FAQs: The Quarter System

What is the quarter system? 

Quarters are shorter academic units than semesters and allow a school to offer three to four different sessions of classes per year. The Law School holds classes in Autumn, Winter, and Spring quarters each year (there are no classes during the summer). Students will be in class for the same amount of time as they would be under a semester system, but instead will have three separate sets of classes (and professors) during the academic year. Please click here to learn more about the quarter system.

When do the quarters start and end? 

Our classes start in late September and end late in the spring: 

Autumn Quarter: Late September to mid-December
Winter Quarter: Early January to mid-March
Spring Quarter: Early April to early June (2L and 3L students finish at the end of May)

Does the quarter system mean that I have a shorter summer break?

No, your summer break will not be any shorter than it would be under a semester system. Depending on your final exam schedule, most students have a summer break of about 12-15 weeks.

How does the quarter system affect summer employment? 

The quarter system does not pose a problem for summer employment. Employers are familiar with the quarter system and typically accommodate it in their summer programs. Our second-year students simply start their summer employment a few weeks later than they would under a semester system. Because our classes begin much later in the fall, our students may be able to stay at their summer jobs for an additional 2-4 weeks after other students have returned to school, if an employer permits. 

When does fall on-campus interviewing occur? 

Our fall on-campus interviewing program is held in August before classes begin. This schedule allows students to focus on securing their second-year summer employment before classes begin and they do not have to miss class for interviews.

What do Chicago students think about the quarter system? 

The biggest advantage is that students get to take more classes and more professors than they would under a semester system, which means greater exposure to more areas of the law and more legal issues. Classes are shorter keeping students highly engaged in the subject matter.
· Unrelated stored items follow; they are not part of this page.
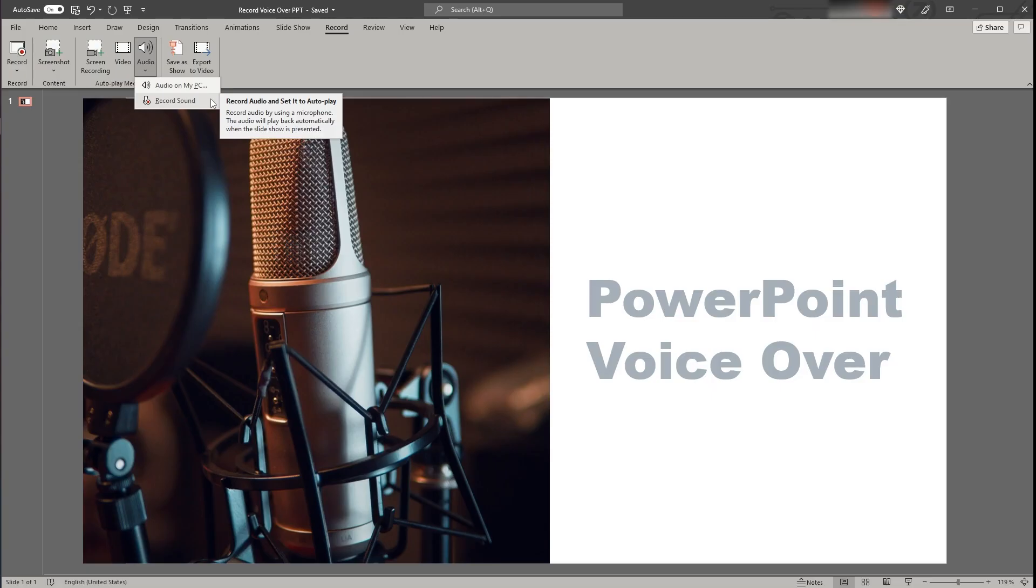In this video we are only going to take a look at the second method, namely to directly record your voice within PowerPoint. If you would also like to know how to add an existing audio file to PowerPoint let me know in the comments down below.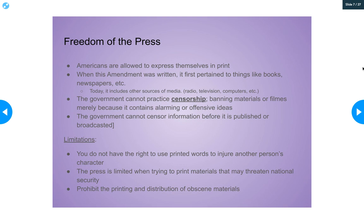Government interference in the press would be known as censorship — banning materials just because they want to. There are of course limitations. You cannot put inappropriate content on a television news site, and you can't print something that might threaten national security. If a journalist gets information and wants to publish it, but it would put the military or civilians in jeopardy because of national security concerns, you're not allowed to do that. But for the most part, the courts will side with freedom of the press over government intervention almost every time.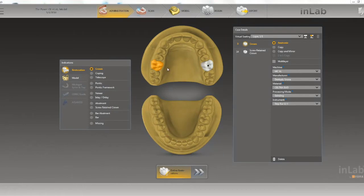After we choose our teeth that we want to do — here we're going to do a crown and a screw-retained crown.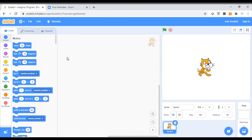Hi everyone, hope you are well. We're going to start a new project today and this project is looking at using an add-on extra, an extension that we're going to put on. I'll show you how to get that. We're going to draw some shapes, but we're going to look at creating our shapes depending on how many sides we want that shape to have.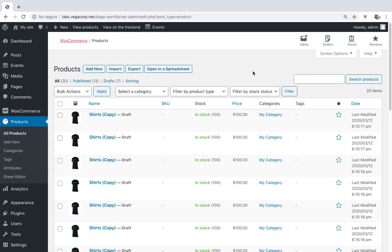Sometimes your parent products have their images and everything complete, but their variations don't have any images. Therefore you may want to upload images to all product variations missing them. However, in WooCommerce you'll take lots of hours to do that and it'll be tedious and boring. That's why in this video we'll show you how to upload images to product variations by keyword, category, attribute, and tag.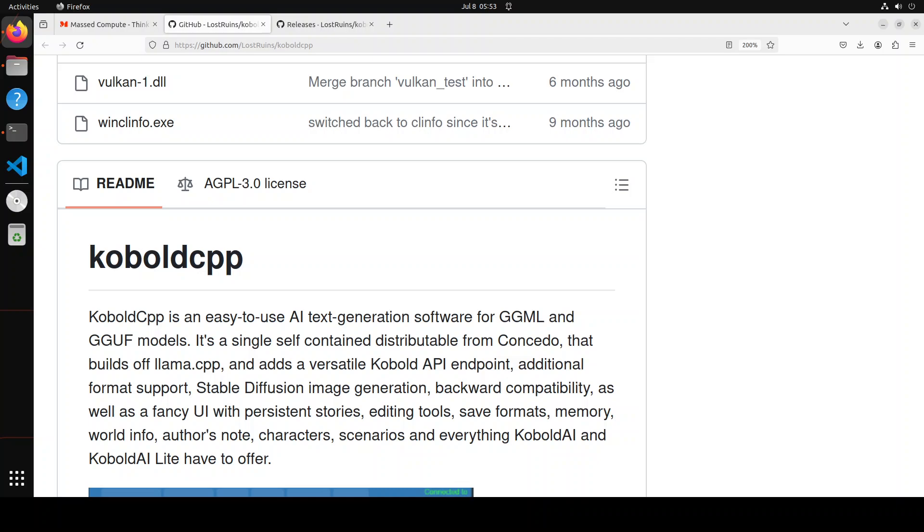Kobold CPP is one of the oldest methods to run large language models locally in quantized form. Kobold CPP has already been covered on this channel, but recently they've made a lot of changes in the interface and a few other things, so I thought of revisiting it in this short, quick, sweet video.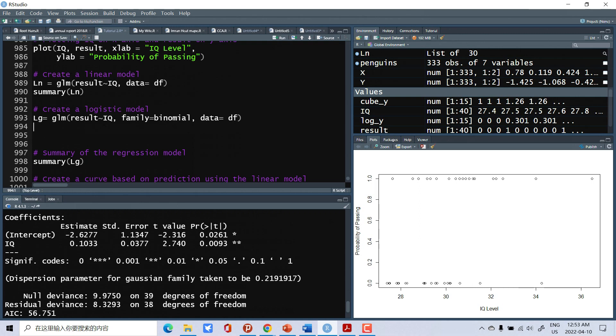For logistic regression the codes are only different here: for logistic we will write family equals binomial. Only here will be different, otherwise both codes will be the same.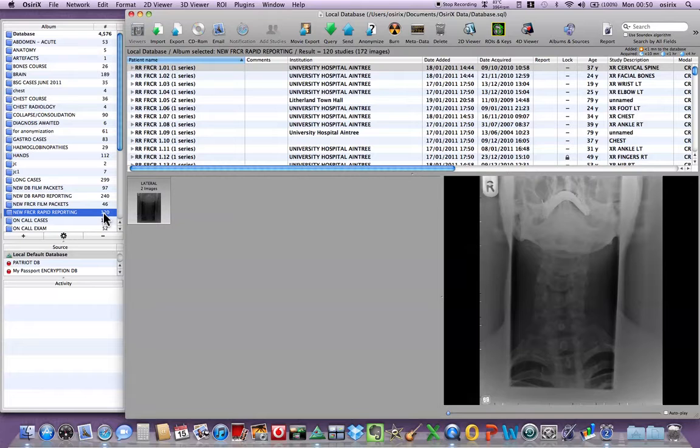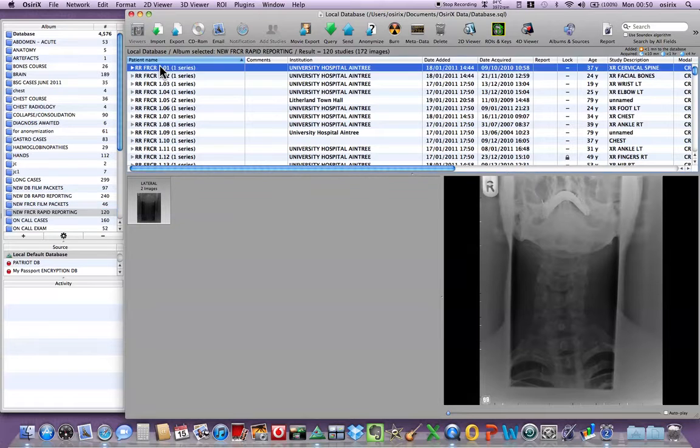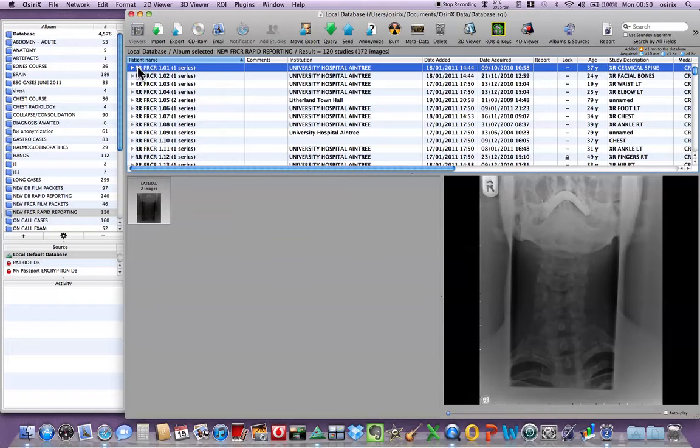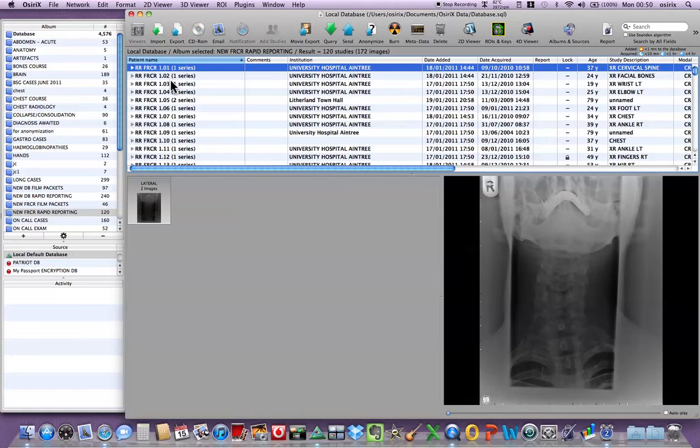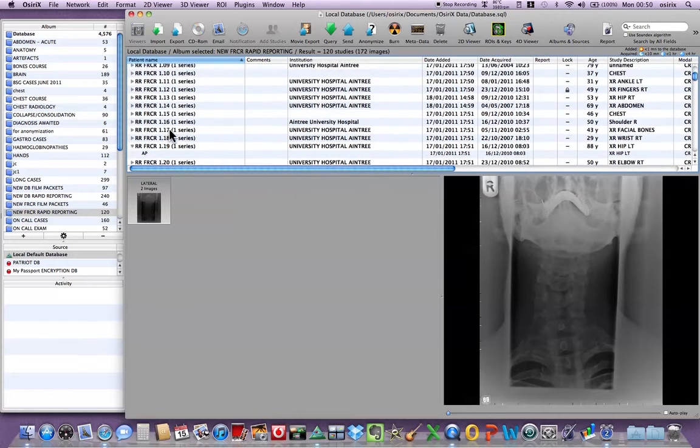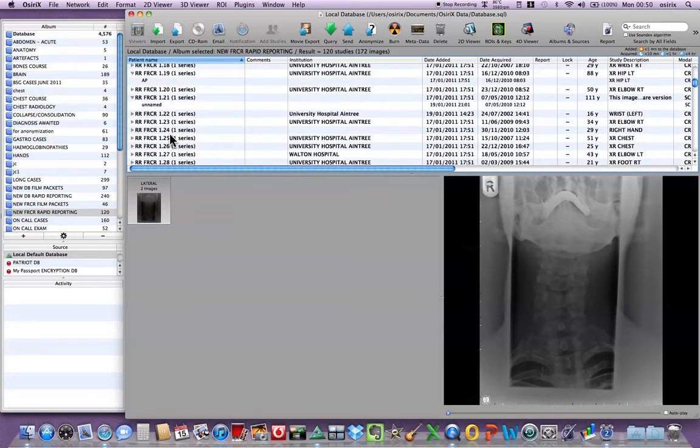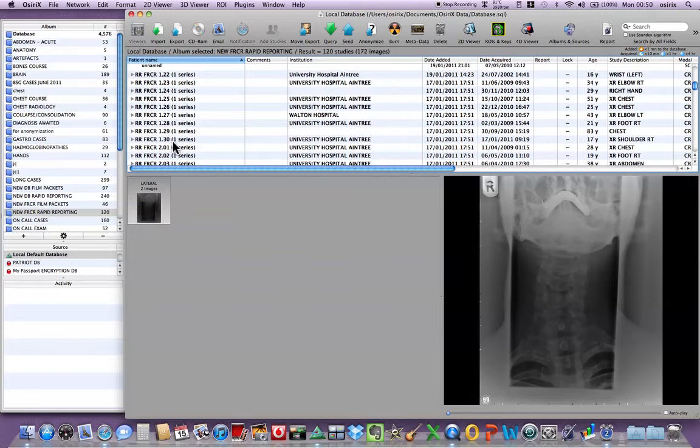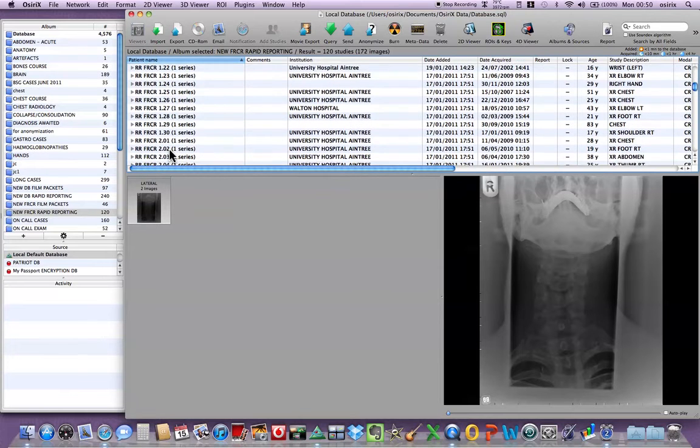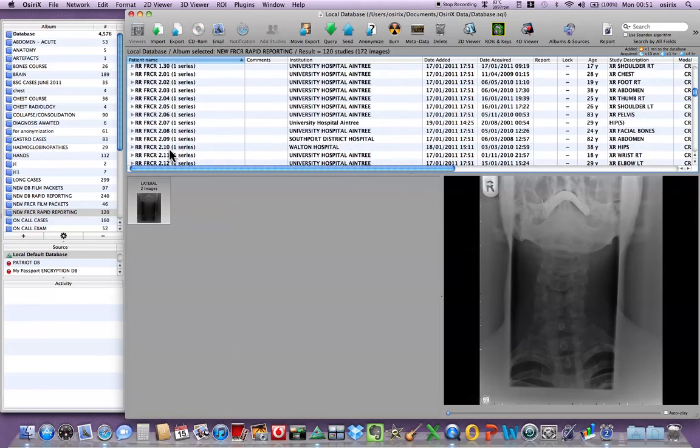In the real exam you have one packet with 30 cases and this is for lots of those examples. What I've done is I've changed the patient name to rapid reporting FRCR 1.01 and this goes sequentially down to 1.30. Further packets are entitled 2.01 to 2.30, 3.01 to 3.30 etc.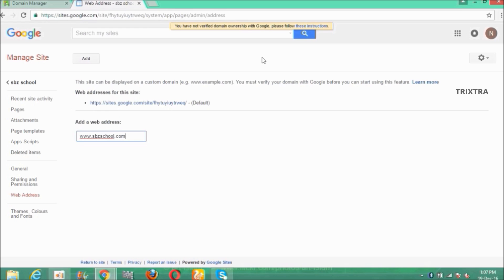And after verifying the domain, please come back to this page and type your domain name in the add a web address box and click enter. It will work for sure.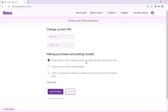I always go with 'Always require a PIN to make purchases and add items from the channel store.' This PIN number protects your applications and also your purchases. If you don't add a PIN number and somebody is playing on your device and presses any application that you have to pay for, a payment will be processed. That's why you need to add a PIN number to protect purchases.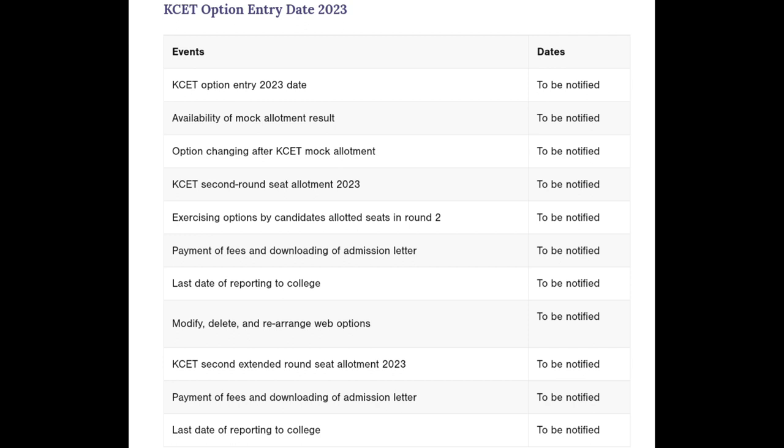If you have a seat in the second round, you will pay your fees. This is an important video. Thank you for watching.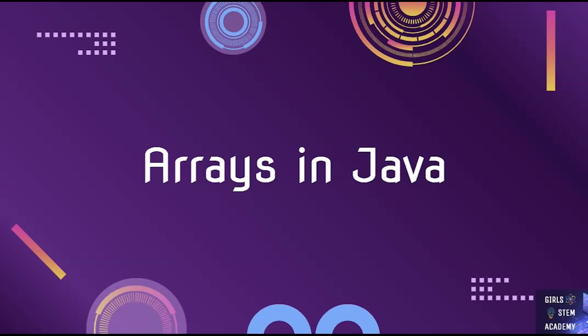Hello, and welcome to Girl STEM Academy. In this multi-part series, we are going to learn how to code in Java. Check out our last videos on primitive variables and recursion.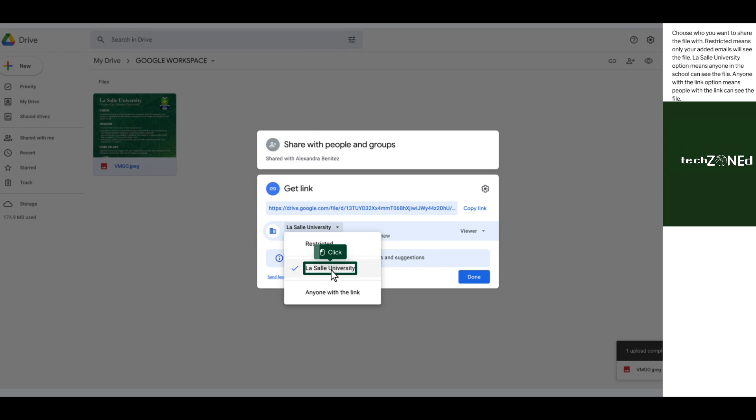Restricted means only your added emails will see the file. LaSalle University option means anyone in the school can see the file. Anyone with the link option means people with the link can see the file.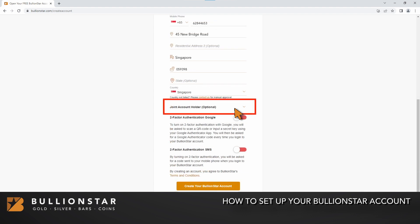If you would like to add a joint account holder at this time, you may do so. Do note that anyone authorized as a joint account holder on your account has the same rights and privileges as you do.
Many students may tell you that the pace of the quarter system moves quickly and keeps them working hard.  

Do I have more exams during my first year of law school? 

No, because most of our 1L courses are held over two quarters (but only have one exam), our first year students are eased into their exams and only have a total of eight first-year exams. First-year students take two exams at the end of Autumn quarter, two exams at the end of Winter quarter, and four exams at the end of Spring quarter. This alleviates some of the pressure for the first set of law school exams.